だが、いざ航空会社に乗り込んで、角田は冷や汗をかくことになる。会話が噛み合わない。聞いたこともない専門用語が連発され、先方の発言の意図も読めない。少なくとも理解できたのは、苦労の末に生み出した料金システムがそのままでは受け入れられないこと。詰めていかなければならない条件がいくつもあり、それが航空会社によって違う。「まだまだ勉強だな」。けれど、角田の顔は決して暗くなかった。自分たちは、目先だけの仕事をしてるんじゃない。いつか大きな成果につながる一歩をいま、着実に歩んでいる。そう自分に言い聞かせた。

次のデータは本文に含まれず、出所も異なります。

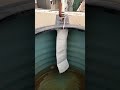 Unboxing Tank Water Filter Borewell Water Tank Filter Submersible Water Tank Filter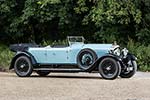 Bentley 6½ Litre Barker Sports Tourer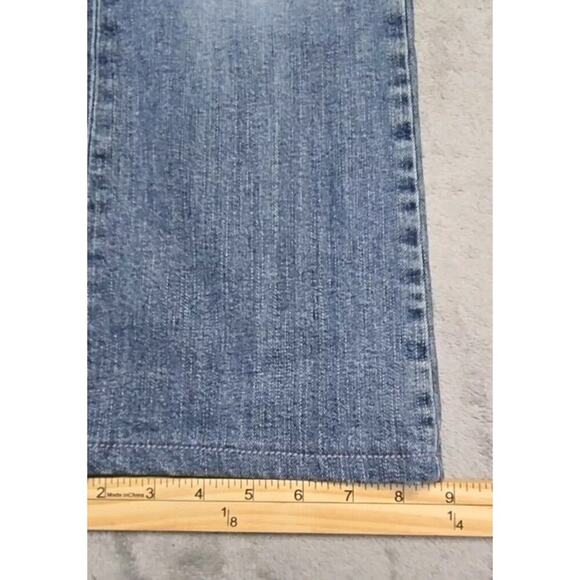 Mavi Jeans Lindy Bootcut Women's Size 27x32, Blue - Picture 9 of 11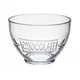 Galicja Prozorna skleda za solato za prigrizke 680 ml 12,7 x 9 cm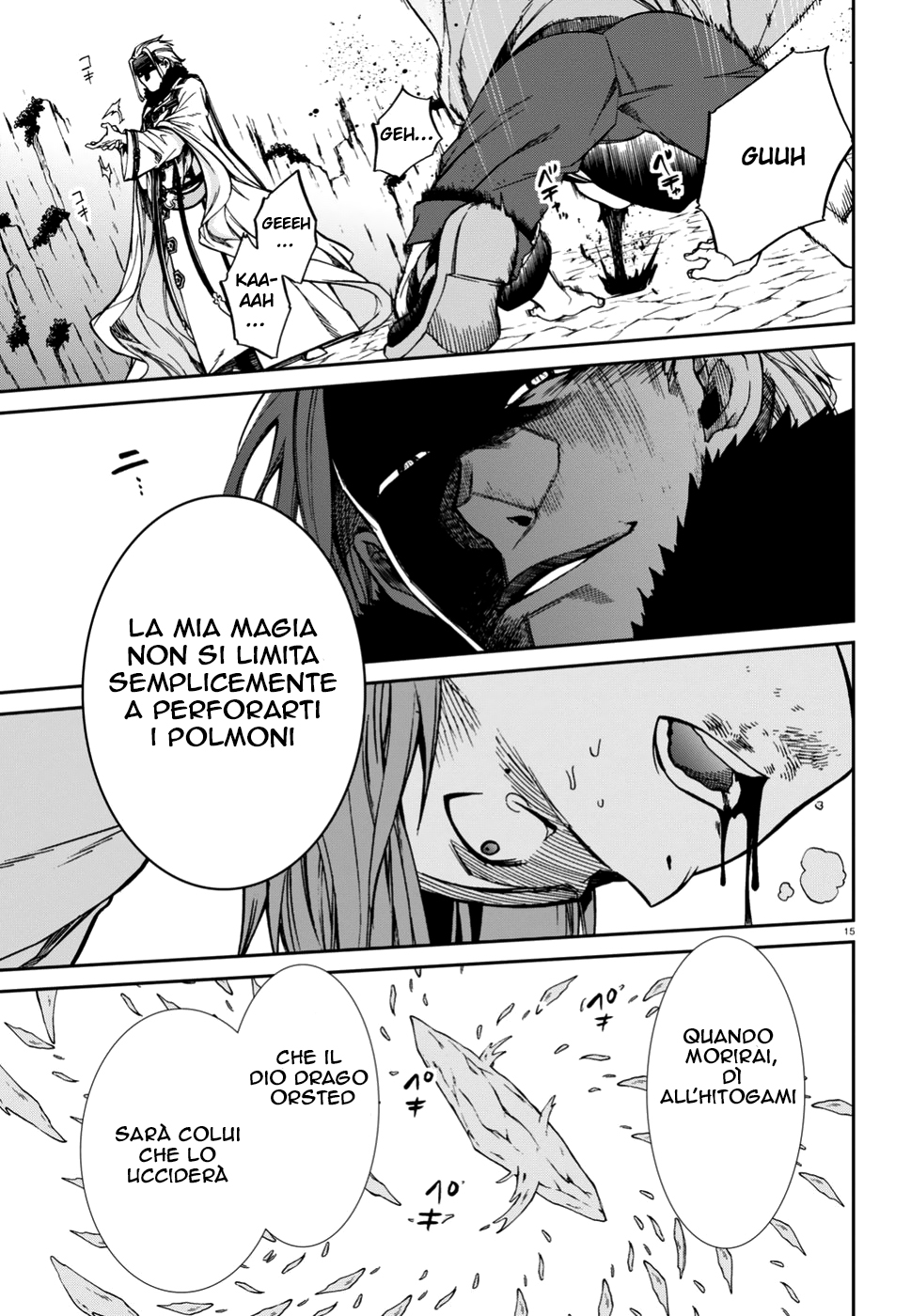 Read Mushoku Tensei - Isekai Ittara Honki Dasu IT Manga Online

初受注は突然だった。提案を重ねていた航空会社から、不意にもたらされた増便決定の一報。角田は大喜びというよりも「こんなに突然決まるものなのか」と驚かされた。その後、受注の知らせはいくつも舞い込んだ。国内航空会社の路線再開に、海外航空会社の新規就航。契約が決まるたびに、地元紙がそのニュースを大きく取り上げた。民営化にどれほど地域の期待が寄せられていたかを、角田はあらためて実感した。2017年度、仙台空港の旅客数は約343万人。開港以来の最高記録。新たな施設や周辺の交通網もぞくぞくと整備され、にぎわいもはっきりと増してきた。この成功をお手本に、地方空港民営化の動きも日本のあちこちで加速している。

「どうして、東急電鉄が空港をやるんだろう」。
それが不思議だったと、プロジェクトに加わった当初を角田は振り返る。けれど、仙台で奮闘するうちに少しずつわかってきた。徹底的にインフラを支える。そのことで、地域の大きな力になっていく。陸路だろうが空路だろうが、それをやるのが東急電鉄なんだ、と。